Stored items from a collection:

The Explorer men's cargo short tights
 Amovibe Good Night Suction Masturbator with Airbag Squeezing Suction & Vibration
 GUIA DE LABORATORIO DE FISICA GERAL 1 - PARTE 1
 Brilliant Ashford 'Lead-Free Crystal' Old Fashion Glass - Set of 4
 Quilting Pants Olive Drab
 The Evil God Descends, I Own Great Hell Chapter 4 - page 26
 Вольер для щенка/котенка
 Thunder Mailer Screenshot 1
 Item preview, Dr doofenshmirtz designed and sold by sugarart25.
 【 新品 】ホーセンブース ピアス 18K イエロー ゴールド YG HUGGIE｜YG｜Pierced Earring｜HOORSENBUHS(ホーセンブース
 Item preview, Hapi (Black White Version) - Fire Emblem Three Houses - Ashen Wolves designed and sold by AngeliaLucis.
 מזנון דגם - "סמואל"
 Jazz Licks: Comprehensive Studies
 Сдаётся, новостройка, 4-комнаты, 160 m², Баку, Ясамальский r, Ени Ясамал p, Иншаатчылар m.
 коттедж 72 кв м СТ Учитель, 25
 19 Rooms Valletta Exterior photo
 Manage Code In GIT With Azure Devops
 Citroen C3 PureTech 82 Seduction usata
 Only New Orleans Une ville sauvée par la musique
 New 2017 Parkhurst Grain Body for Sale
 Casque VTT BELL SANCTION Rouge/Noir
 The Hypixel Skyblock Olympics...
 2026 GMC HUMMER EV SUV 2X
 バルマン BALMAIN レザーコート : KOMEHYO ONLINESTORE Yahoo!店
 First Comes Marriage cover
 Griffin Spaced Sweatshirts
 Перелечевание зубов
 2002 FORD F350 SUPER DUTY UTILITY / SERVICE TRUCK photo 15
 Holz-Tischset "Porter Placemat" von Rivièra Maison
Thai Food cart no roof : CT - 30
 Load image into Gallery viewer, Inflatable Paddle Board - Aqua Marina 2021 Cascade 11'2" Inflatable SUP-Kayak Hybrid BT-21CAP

* What is being asked *
Transcribe each record exactly. Leave nothing out.

* Solution to the exercise *
The Explorer men's cargo short tights
 Amovibe Good Night Suction Masturbator with Airbag Squeezing Suction & Vibration
 GUIA DE LABORATORIO DE FISICA GERAL 1 - PARTE 1
 Brilliant Ashford 'Lead-Free Crystal' Old Fashion Glass - Set of 4
 Quilting Pants Olive Drab
 The Evil God Descends, I Own Great Hell Chapter 4 - page 26
 Вольер для щенка/котенка
 Thunder Mailer Screenshot 1
 Item preview, Dr doofenshmirtz designed and sold by sugarart25.
 【 新品 】ホーセンブース ピアス 18K イエロー ゴールド YG HUGGIE｜YG｜Pierced Earring｜HOORSENBUHS(ホーセンブース
 Item preview, Hapi (Black White Version) - Fire Emblem Three Houses - Ashen Wolves designed and sold by AngeliaLucis.
 מזנון דגם - "סמואל"
 Jazz Licks: Comprehensive Studies
 Сдаётся, новостройка, 4-комнаты, 160 m², Баку, Ясамальский r, Ени Ясамал p, Иншаатчылар m.
 коттедж 72 кв м СТ Учитель, 25
 19 Rooms Valletta Exterior photo
 Manage Code In GIT With Azure Devops
 Citroen C3 PureTech 82 Seduction usata
 Only New Orleans Une ville sauvée par la musique
 New 2017 Parkhurst Grain Body for Sale
 Casque VTT BELL SANCTION Rouge/Noir
 The Hypixel Skyblock Olympics...
 2026 GMC HUMMER EV SUV 2X
 バルマン BALMAIN レザーコート : KOMEHYO ONLINESTORE Yahoo!店
 First Comes Marriage cover
 Griffin Spaced Sweatshirts
 Перелечевание зубов
 2002 FORD F350 SUPER DUTY UTILITY / SERVICE TRUCK photo 15
 Holz-Tischset "Porter Placemat" von Rivièra Maison
Thai Food cart no roof : CT - 30
 Load image into Gallery viewer, Inflatable Paddle Board - Aqua Marina 2021 Cascade 11'2" Inflatable SUP-Kayak Hybrid BT-21CAP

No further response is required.